Riverside avait réussi, en partie du moins, à s’émanciper de ses influences neo-progressivo pink floydiennes dans l’excellent Second Life Syndrome qui proposait un feeling bien plus rentre-dedans et direct que par le passé. On pouvait donc s’attendre à ce que Rapid Eye Movement développe cette orientation métallique en lorgnant du côté toolesque de leur musique et rejoindre ainsi leurs amis du génial Indukti. Peine perdue. Si "Beyond The Eyelids" fera illusion dans son introduction avec un son bien plus ramassé et lourd que par le passé, le feeling général du disque restera définitivement aérien, mélancolique et atmosphérique.
Il faudra donc, pour apprécier comme il se doit cette nouvelle galette, faire le deuil du bourrin qui sommeille en nous et nous remettre à lire La dépression pour les nuls, livre sponsorisé par Steven Wilson. En effet, lorsque l’on parle de Riverside, Porcupine Tree revient généralement assez vite et ce n’est pas ce nouvel opus qui va changer la donne. Que ce soit dans les mélodies de "Rainbow Box", "Schizophrenic Prayer", "Through The Other Side" ou encore "Embryonic", on va clairement bouffer du porc-épic avec ce disque.
Riverside insiste donc sur la partie planante de sa musique avec ce nouveau disque. Mais la formule n’est pas totalement chamboulée et les influences métal sont toujours belles et bien là. "Beyond the Eyelids", "Cybernetic Pillow" et "Ultimate Trip" invitent donc l’auditeur à sortir de sa léthargie. Mais c’est surtout avec l’énorme "Parasomnia" qu'il va se prendre une bonne vieille baffe.
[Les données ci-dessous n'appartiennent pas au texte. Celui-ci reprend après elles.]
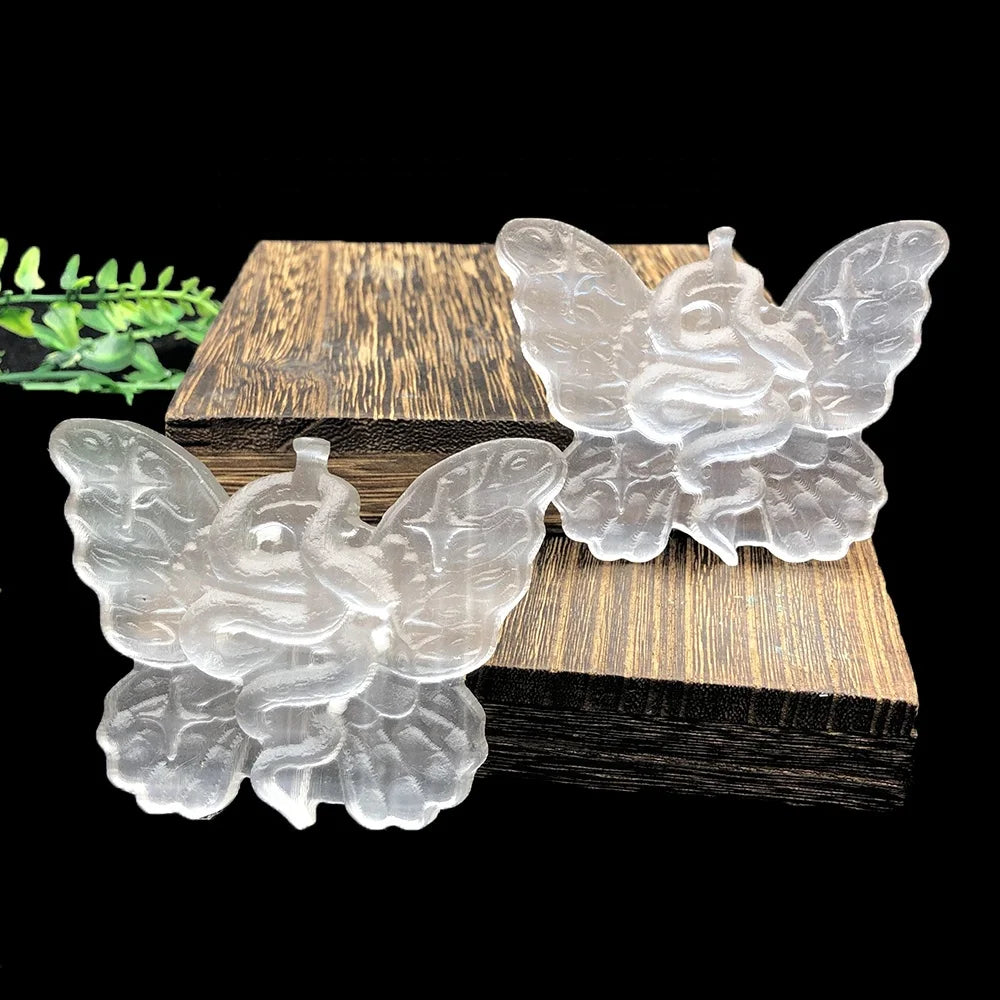 Hot Sale Special Offer Natural High Quality Selenite Hand Carved Small Selenite Butterfly with Snake Carvings for Decoration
Grosse montée en puissance et rythmique diablement toolienne sont au programme de ce morceau qui s’impose comme le sommet du disque et l’une des meilleures partitions du groupe.
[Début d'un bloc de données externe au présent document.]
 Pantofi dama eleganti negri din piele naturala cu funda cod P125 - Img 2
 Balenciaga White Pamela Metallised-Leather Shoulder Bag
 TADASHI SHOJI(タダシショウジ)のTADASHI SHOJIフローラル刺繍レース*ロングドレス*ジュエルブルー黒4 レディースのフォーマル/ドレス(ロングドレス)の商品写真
Rapid Eye Movement ne révolutionne donc pas la musique du groupe et se contente de vivre sur les acquis des deux premiers disques, mais il le fait plutôt bien. La production est excellente et les musiciens font preuve d’un talent indéniable dans les parties instrumentales et solistes. On note même une volonté d’évolution avec le surprenant "02 Panic Room" qui propose une rythmique limite électro, une grosse basse bien grasse et surtout un final au piano magnifique.
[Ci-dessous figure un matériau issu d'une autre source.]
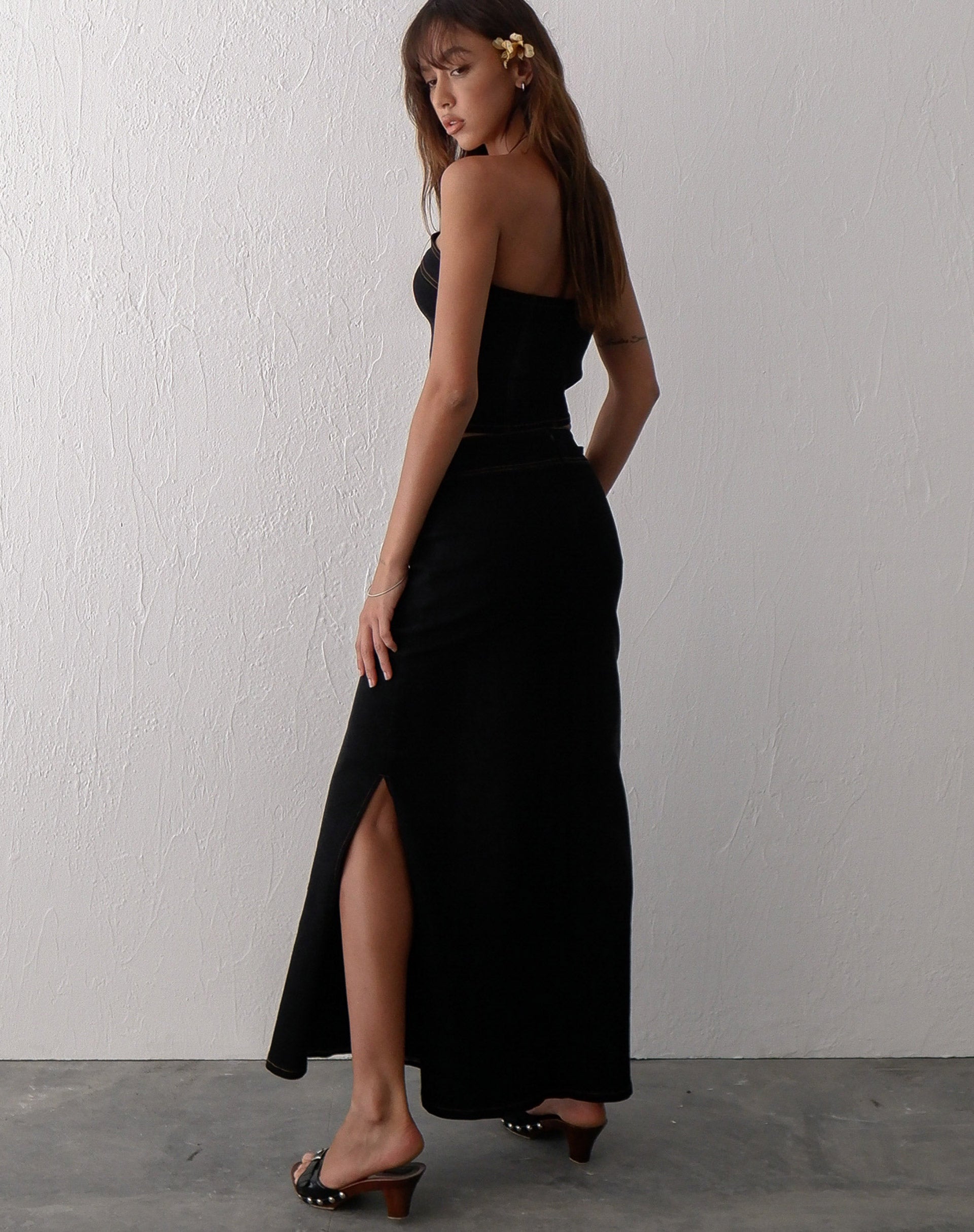 Immagine di Lafille Maxi gonna in denim con lavaggio nero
Pour conclure, si Riverside ne surprend guère son monde avec ce nouvel album et si l’énergie de Second Life Syndrome semble bien loin, force est de constater que le groupe accouche encore une fois d’un album solide qui devrait plaire aux amateurs du genre. Mais son principal défaut est de sortir la même année que le Fear of a Blank Planet de Wilson qui fait désormais office de maître étalon dans le rock progressif planant et mélancolique qui balance la purée à l’occasion. Pas de chance.